For immediate release

New book unveils fragility of one of Africa’s largest wetlands: the Okavango Delta

Background: Wetlands are one of the most threatened ecosystems in the world, and freshwater species are great indicators for determining the health of these environments. IUCN’s assessment of African freshwater biodiversity found that the freshwater ecosystems in the region contain a particularly high level of animal and plant species, and the Okavango Delta in Botswana is no exception.

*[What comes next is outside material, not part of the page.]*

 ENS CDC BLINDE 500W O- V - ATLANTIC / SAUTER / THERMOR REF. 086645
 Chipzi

A new book, “Okavango Delta: Floods of Life”, produced by IUCN in collaboration with the Harry Oppenheimer Okavango Research Centre (HOORC) of the University of Botswana, makes the case for the delta’s protection and highlights the importance of its freshwater species. The delta is a vast array of swamps, seasonal wetlands, and semi-arid scrub land that provide a home to great numbers of large mammals, including the better-known buffaloes, elephants, hippos, lions, leopards and wild dogs, as well as the less well-known lechwe and sitatunga antelopes. The delta also supports an estimated 1,700 species of plants, more than 400 species of birds, 71 fish species and hundreds of thousands of invertebrates, including many dragonfly species, which can serve as excellent indicators of conditions above and below water in the delta.

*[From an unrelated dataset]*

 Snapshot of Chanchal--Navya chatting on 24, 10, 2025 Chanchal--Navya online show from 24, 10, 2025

In addition to its natural beauty, the Okavango Delta provides an important source of income to the local people as well as to the government.  However, increasing pressure on the water resources and encroachment for economic reasons means more must be done to protect the delta before it is too late.

Key Issues:

“Wetland ecosystems provide important services to many people and it is often the poorest communities who depend on them most, yet they remain highly threatened by land conversion, water abstraction and pollution,” says William Darwall, Head of IUCN Species Programme’s Freshwater Unit. “We hope this book will inspire decision makers throughout the region to support programmes for monitoring conditions within the delta, which is one of the world’s most beautiful and valuable wetlands.”

“The plight of wetland species is so often overlooked yet they face many serious threats around the world – in particular due to the increasing water use. This book not only provides some wonderful pictures of the highly diverse group of species found in the Okavango Delta, but also helps to raise awareness about the important role they play in this vital ecosystem,” says Dr Simon Stuart, Chair of IUCN’s Species Survival Commission.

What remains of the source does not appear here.